Soprano So Young Park, who has earned quite the local following for herself after consistently stellar performances in LA Opera productions, again showed off her heartbreakingly delicate vibrato during the third section denoting love and the surrender of passion. “The girl without a lover misses out on all pleasures,” echoed Park, whose radiant legato shone through the sound-friendly auditorium like a spotlight refracted into the shape of a beautiful snowflake. Blessed with a vibrato as crisp as the air on a winter’s morning, Park nimbly transitioned between intervals, playing her part vis-à-vis Powell, who pleadingly sang lyrics such as, “Mandaliet, my lover does not come.” This exemplified the push-pull dynamism of romance that was also bandied back and forth in a battle of the sexes among the sea of choral singers.

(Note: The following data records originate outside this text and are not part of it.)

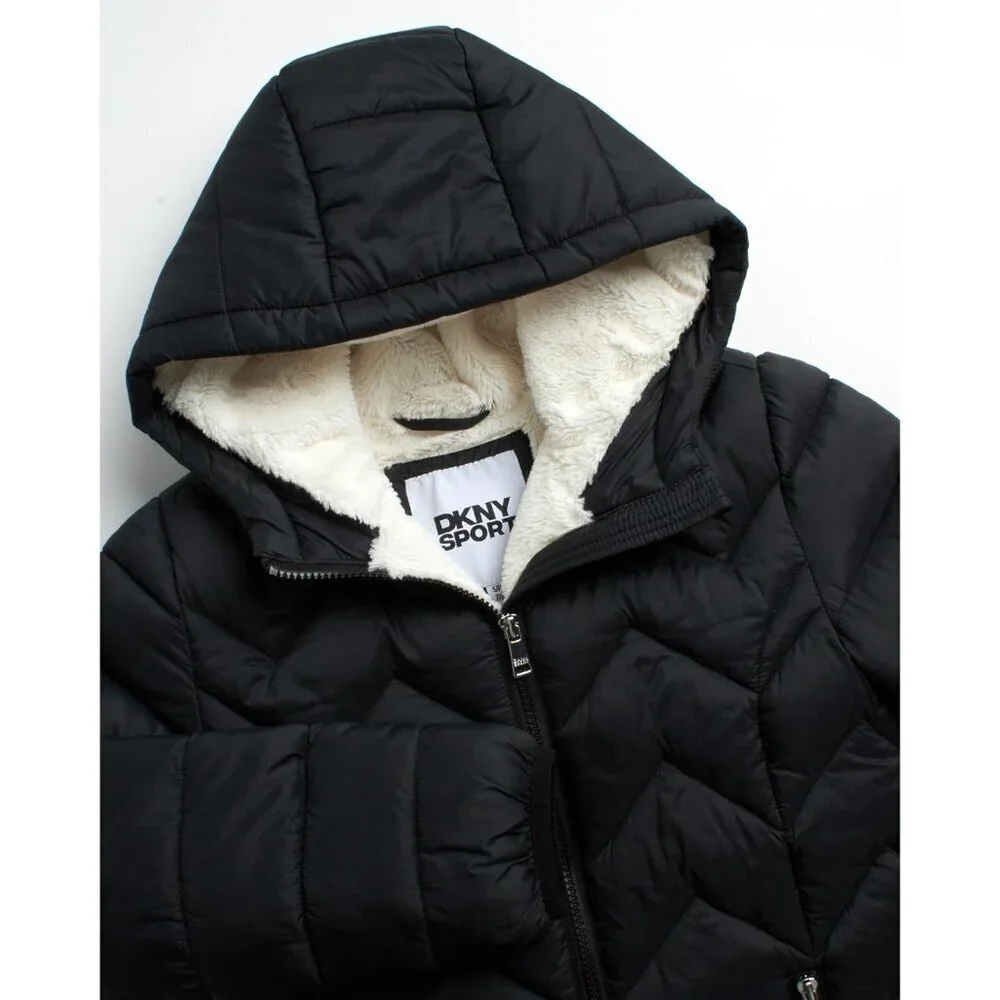 Girls Puffer Jacket - Full Sherpa Lined Glacier Shield Mid Length Quilted Puffer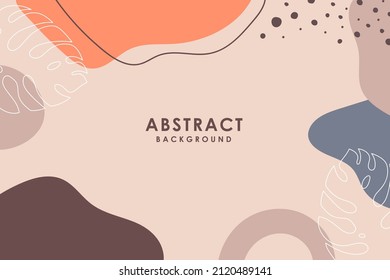 Fondo de diseño abstracto dibujado a mano con colores pastel y adornos de plantas. Ilustración vectorial.
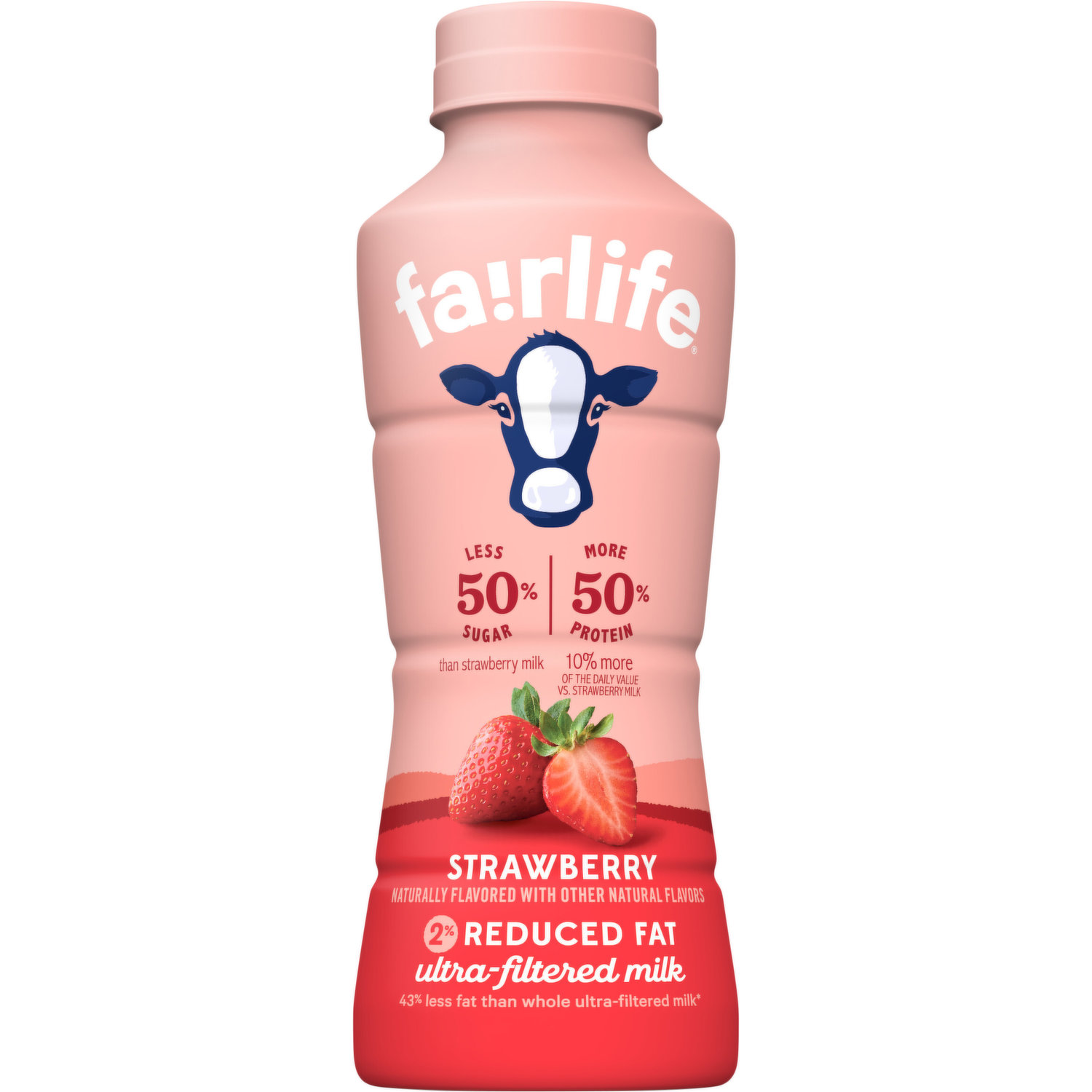 Fairlife Milk, Ultra-Filtered, Reduced Fat, 2%, Strawberry, 14 Fluid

The “Blanziflor et Helena” section of Carmina Burana culminates with “Hail, light of the world; Hail, rose of the world” before the unilaterally about-face coda of “Fortuna Imperatrix Mundi” resoundingly warns again of an “ever waxing or waning; hateful life.” Shortly thereafter, we make our way through to the denouement of the thrilling voyage, only to learn that the end mirrors the beginning: “Now through the game I bring my bare back to your villainy.” Despite the pall of uncertainty prevailing in Orff’s Carmina Burana, as opposed to Bernstein’s Chichester Psalms, we are apt to, at the very least, take a great solace in the cycle of existence that determines our destiny — fortunate or unfortunate.

Gershon, agleam with baton-flitting fervency, and flanked by the virtuoso LA Master Chorale, Los Angeles Children’s Chorus, and soloists, assiduously crafted an intensely cathartic experience for those who attended the Walt Disney Concert Hall on September 23rd and 24th. The word “epic” has a tendency to be treated loosely, and without much care, but the Carmina Burana spectacular was exactly that and much more.